## WORK ITEM
All of the data should be output character for character, except the pictures.

## DATASET SECTION
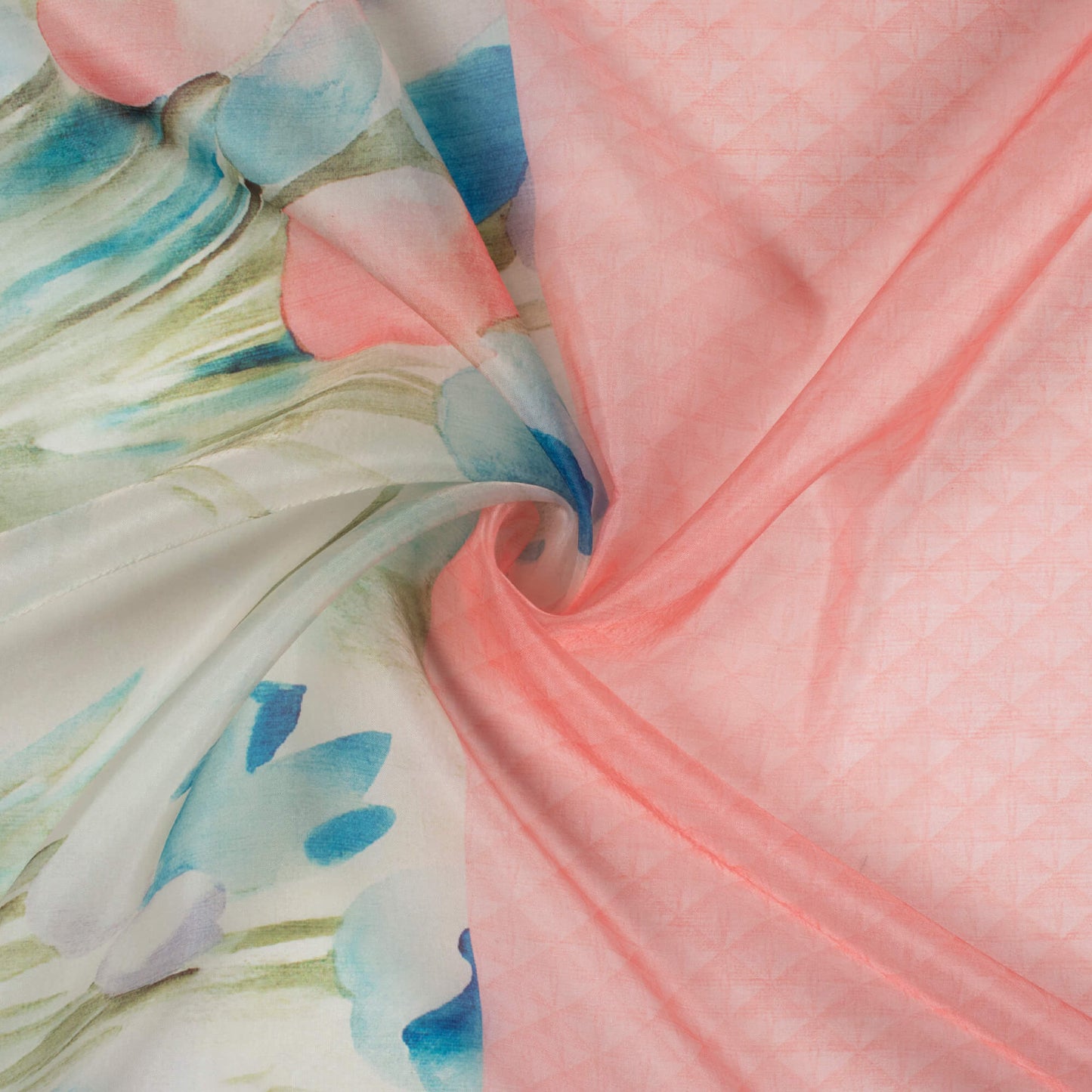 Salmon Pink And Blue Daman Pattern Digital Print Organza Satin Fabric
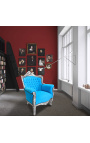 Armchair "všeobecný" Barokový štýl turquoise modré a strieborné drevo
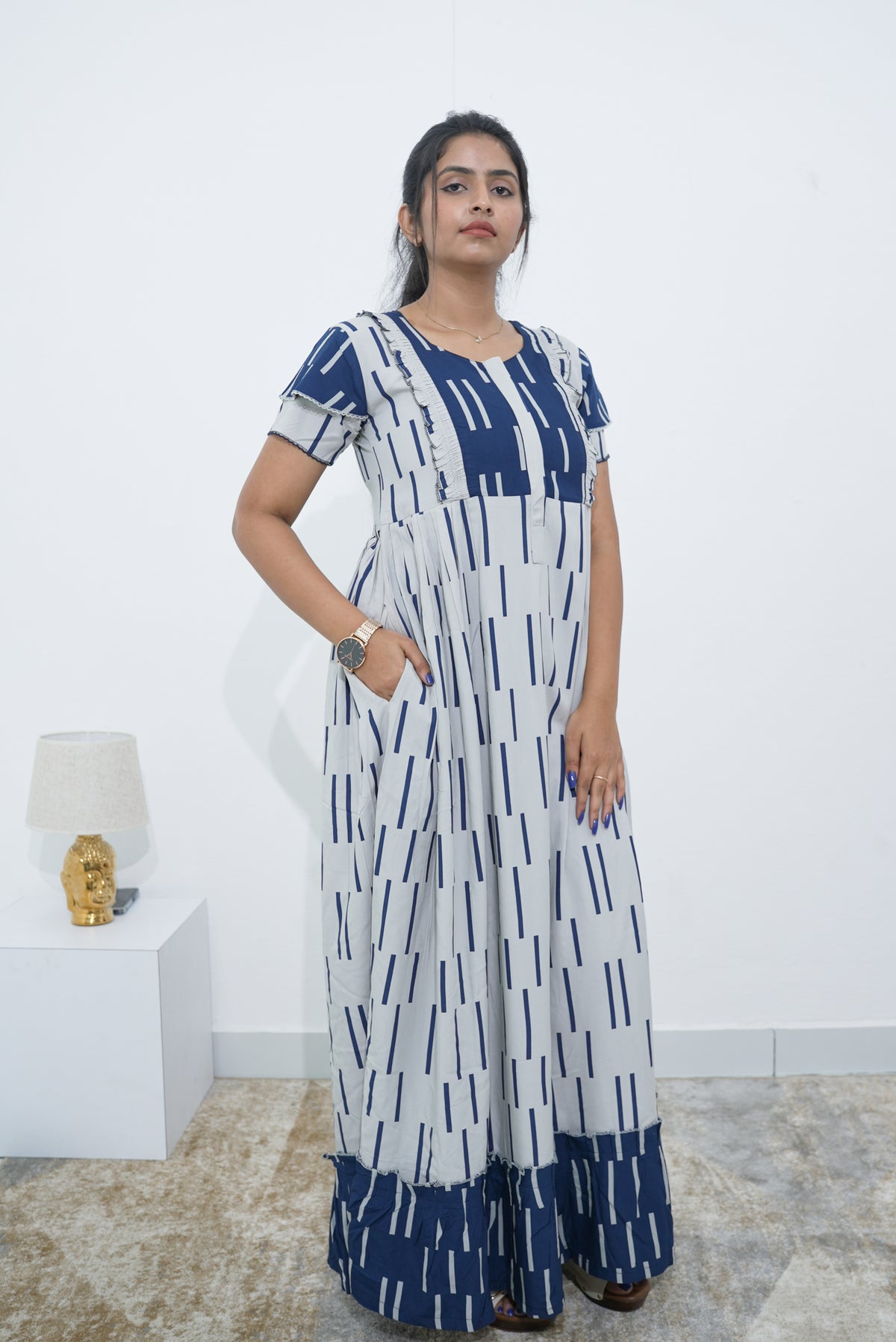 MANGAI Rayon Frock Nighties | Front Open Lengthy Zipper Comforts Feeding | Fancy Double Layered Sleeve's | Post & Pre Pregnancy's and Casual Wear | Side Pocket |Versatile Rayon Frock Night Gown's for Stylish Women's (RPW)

## ANSWER TO THIS EXERCISE
 Salmon Pink And Blue Daman Pattern Digital Print Organza Satin Fabric
 Armchair "všeobecný" Barokový štýl turquoise modré a strieborné drevo
 MANGAI Rayon Frock Nighties | Front Open Lengthy Zipper Comforts Feeding | Fancy Double Layered Sleeve's | Post & Pre Pregnancy's and Casual Wear | Side Pocket |Versatile Rayon Frock Night Gown's for Stylish Women's (RPW)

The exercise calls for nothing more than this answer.